[python] how to check the dtype of a column in python pandas

I need to use different functions to treat numeric columns and string columns. What I am doing now is really dumb:

allc = list((agg.loc[:, (agg.dtypes==np.float64)|(agg.dtypes==np.int)]).columns)
for y in allc:
    treat_numeric(agg[y])    

allc = list((agg.loc[:, (agg.dtypes!=np.float64)&(agg.dtypes!=np.int)]).columns)
for y in allc:
    treat_str(agg[y])    

Is there a more elegant way to do this? E.g.

for y in agg.columns:
    if(dtype(agg[y]) == 'string'):
          treat_str(agg[y])
    elif(dtype(agg[y]) != 'string'):
          treat_numeric(agg[y])

This question is related to python pandas

The answer is


Asked question title is general, but authors use case stated in the body of the question is specific. So any other answers may be used.

But in order to fully answer the title question it should be clarified that it seems like all of the approaches may fail in some cases and require some rework. I reviewed all of them (and some additional) in decreasing of reliability order (in my opinion):

1. Comparing types directly via == (accepted answer).

Despite the fact that this is accepted answer and has most upvotes count, I think this method should not be used at all. Because in fact this approach is discouraged in python as mentioned several times here.
But if one still want to use it - should be aware of some pandas-specific dtypes like pd.CategoricalDType, pd.PeriodDtype, or pd.IntervalDtype.
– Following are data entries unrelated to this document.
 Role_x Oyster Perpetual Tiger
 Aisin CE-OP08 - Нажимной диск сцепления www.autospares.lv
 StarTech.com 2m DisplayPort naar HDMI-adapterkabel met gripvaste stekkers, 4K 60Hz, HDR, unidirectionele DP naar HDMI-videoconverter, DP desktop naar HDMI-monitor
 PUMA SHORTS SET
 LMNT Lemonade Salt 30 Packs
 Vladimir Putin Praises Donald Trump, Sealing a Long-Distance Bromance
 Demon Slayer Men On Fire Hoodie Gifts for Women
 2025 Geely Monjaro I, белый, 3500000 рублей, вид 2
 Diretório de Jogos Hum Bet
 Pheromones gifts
Here one have to use extra type( ) in order to recognize dtype correctly:

s = pd.Series([pd.Period('2002-03','D'), pd.Period('2012-02-01', 'D')])
s
s.dtype == pd.PeriodDtype   # Not working
type(s.dtype) == pd.PeriodDtype # working 

>>> 0    2002-03-01
>>> 1    2012-02-01
>>> dtype: period[D]
>>> False
>>> True

Another caveat here is that type should be pointed out precisely:

s = pd.Series([1,2])
s
s.dtype == np.int64 # Working
s.dtype == np.int32 # Not working

>>> 0    1
>>> 1    2
>>> dtype: int64
>>> True
>>> False

2. isinstance() approach.

This method has not been mentioned in answers so far.
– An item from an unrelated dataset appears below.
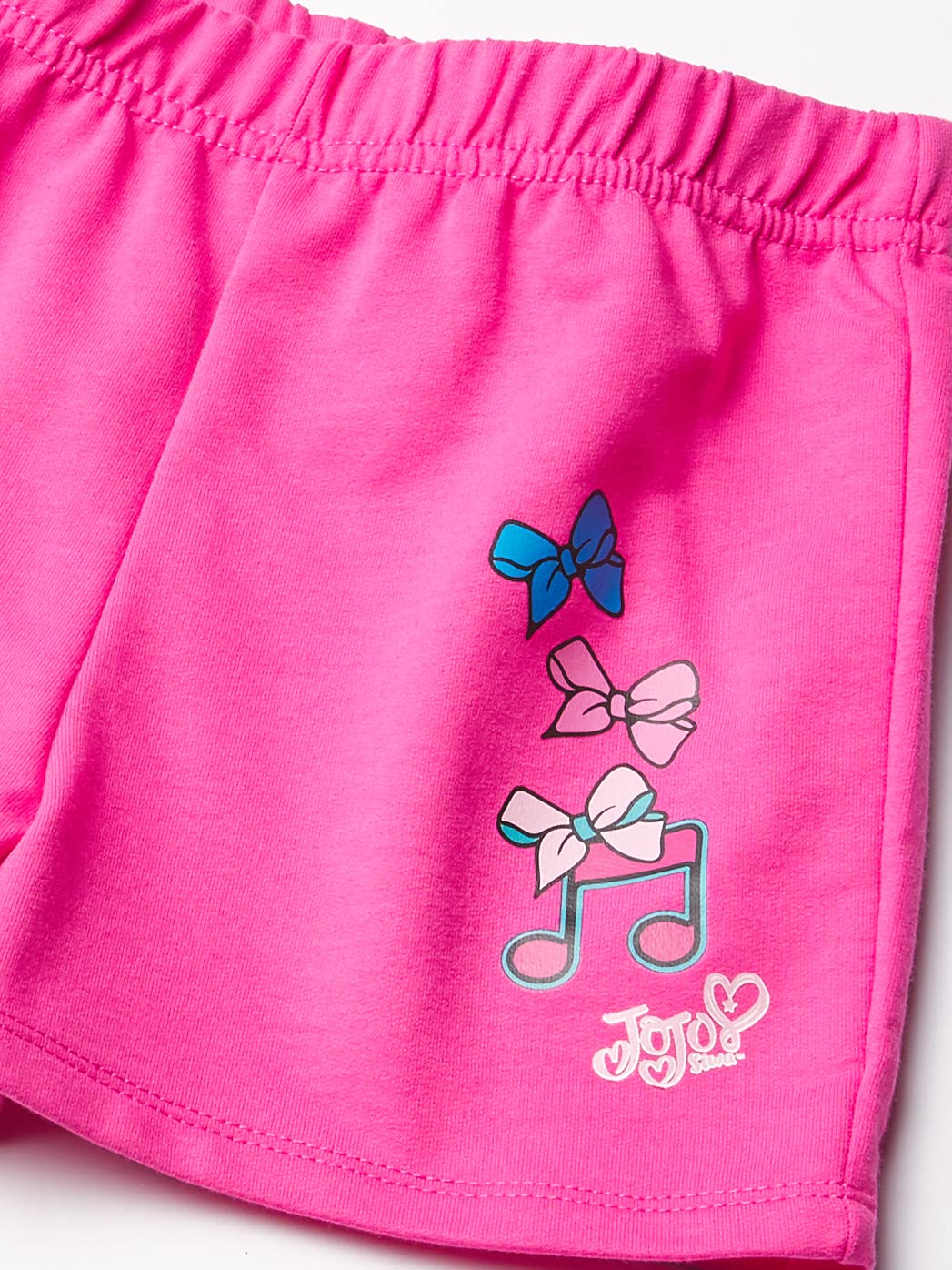 JoJo Siwa - Pantalones cortos de algodón para niña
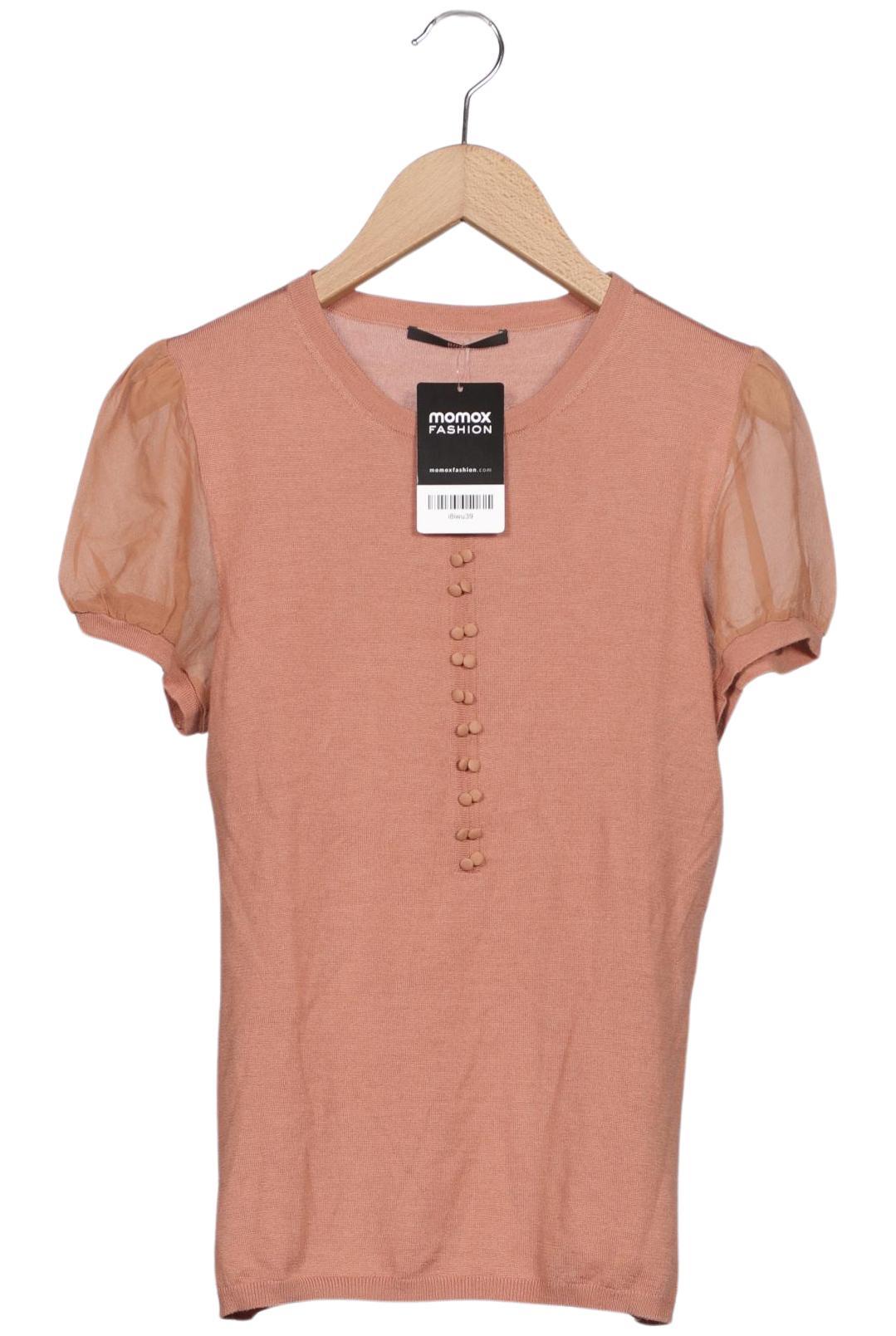 

Boss by Hugo Boss Damen T-Shirt, braun, Gr. 36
So if direct comparing of types is not a good idea - lets try built-in python function for this purpose, namely - isinstance().
It fails just in the beginning, because assumes that we have some objects, but pd.Series or pd.DataFrame may be used as just empty containers with predefined dtype but no objects in it:

s = pd.Series([], dtype=bool)
s

>>> Series([], dtype: bool)

But if one somehow overcome this issue, and wants to access each object, for example, in the first row and checks its dtype like something like that:

df = pd.DataFrame({'int': [12, 2], 'dt': [pd.Timestamp('2013-01-02'), pd.Timestamp('2016-10-20')]},
                  index = ['A', 'B'])
for col in df.columns:
    df[col].dtype, 'is_int64 = %s' % isinstance(df.loc['A', col], np.int64)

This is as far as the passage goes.